Pepitas de ouro atraem milhares de garimpeiros
Com o passar dos anos, a extração do metal em toda a Amazônia passou a ser feita com maquinário pesado: balsas, dragas, pás-carregadeiras e escavadeiras hidráulicas que custam milhões de reais.
“Os índices de ilegalidade na atividade são alarmantes. O ouro, ativo financeiro de enorme importância estratégica para as finanças nacionais, esvai-se pelas fronteiras com pouco ou nenhum controle das agências públicas, ao mesmo tempo que recursos hídricos são contaminados por mercúrio e parcelas da floresta são postas abaixo na busca por novos veios, e o tão prometido desenvolvimento econômico não chega“, ressalta o documento produzido pelo Ministério Público Federal, publicado em 2020.
No início dos anos 1980, Serra Pelada parecia um formigueiro humano
O garimpo do rio Madeira é uma extensão fluvial do que ocorreu em Serra Pelada, a partir de dezembro de 1979. Os registros indicam que ao final do primeiro semestre de 1980, cerca de 30 mil garimpeiros já se haviam deslocado para a área.
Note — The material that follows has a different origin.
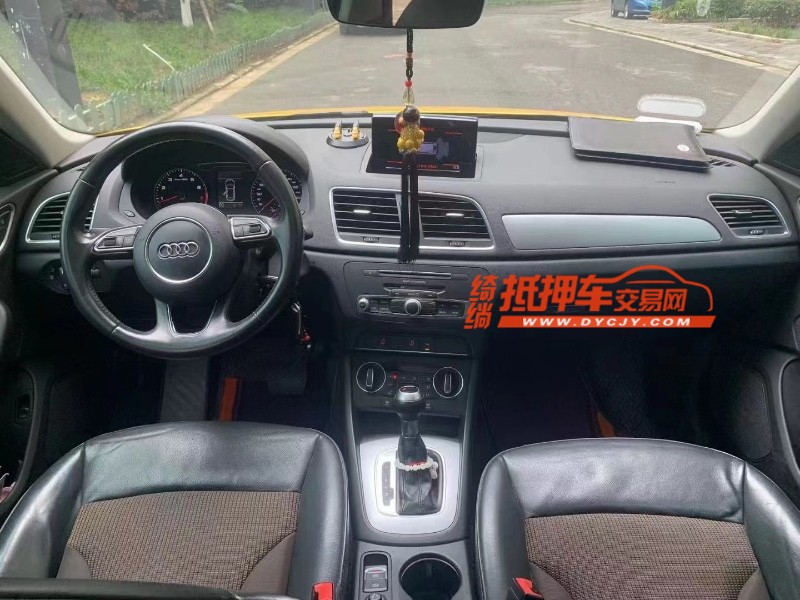 成都17年奥迪Q35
Imediatamente, o presidente general João Figueiredo nomeou o major Sebastião Curió para gerir o garimpo.
Em 1984 Serra Pelada abrigava 80 mil residentes. A produção despencou para 3,9 toneladas e a cava atinge 200 metros de profundidade, impossibilitando a atividade manual. Assim mesmo, suas atividades bastante reduzidas ainda atraem garimpeiros e aventureiros.
Passar a boiada
Para Danicley de Aguiar, Sênior Campaigner no Greenpeace Brasil, a aglomeração das balsas onde elas são proibidas é um reflexo simbólico do momento que o país vive. “Os infratores ficam à vontade pra fazerem o que quiserem porque não serão punidos. Eles não têm licença ambiental, mas têm licença política”, afirma, mencionando o discurso pró-garimpo do presidente Jair Bolsonaro e dos governadores.
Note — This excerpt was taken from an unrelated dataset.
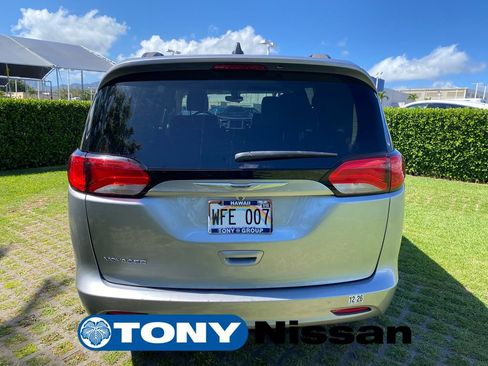 Used 2021 Chrysler Voyager Lxi image 23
Balsas, dragas, pás-carregadeiras e escavadeiras hidráulicas
Para o militante do Greenpeace, “a crise econômica levou para pobreza milhares de pessoas. Precisamos de um debate sério que promova a reorientação do sistema econômico brasileiro, que considere a floresta e seus rios como um ativo, e não como problema”, argumenta.
As balsas de garimpo se dispersaram e estão subindo o rio no sentido de Humaitá, considerada refúgio histórico dessas embarcações no estado. Foi lá que, em 2017, prédios do Instituto Chico Mendes de Conservação da Biodiversidade, Icmbio, e Instituto Brasileiro do Meio Ambiente e Recursos Naturais Renováveis, Ibama, foram incendiados por garimpeiros.
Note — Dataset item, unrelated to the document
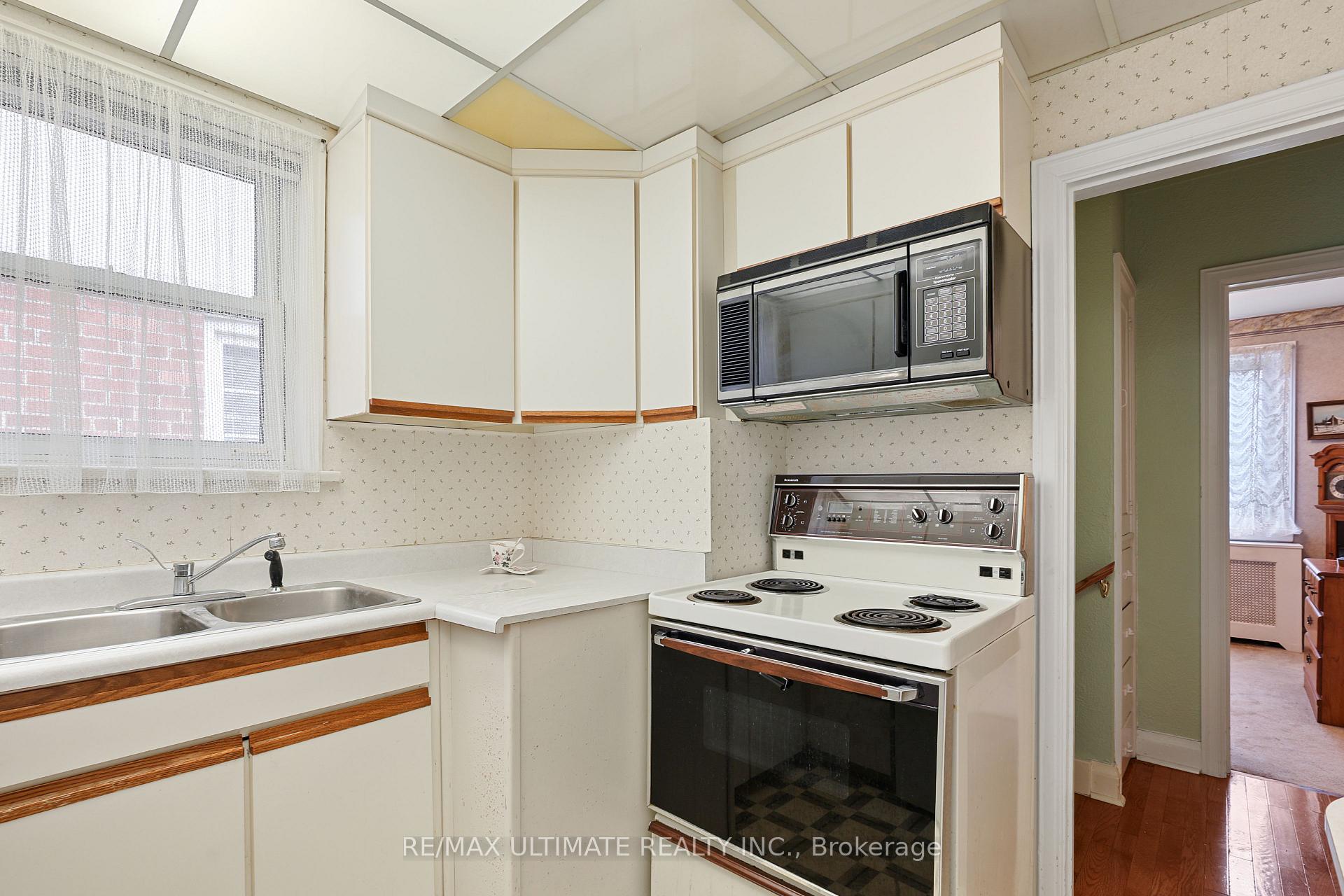 Photo 9 of 191 Glenvale Boulevard, Toronto, Leaside — HOMEH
Centenas de balsas impedem a navegação
Ninguém coloca 300 balsas num lugar sem organização. Mas diante da repercussão internacional, os militares capitaneados pelo general Mourão, vice-presidente, encenam uma reação após o tempo necessário para que muitos garimpeiros de retirassem. A encenação ainda não terminou.
Major Curió elegeu-se deputado federal. Para onde irá o general Mourão?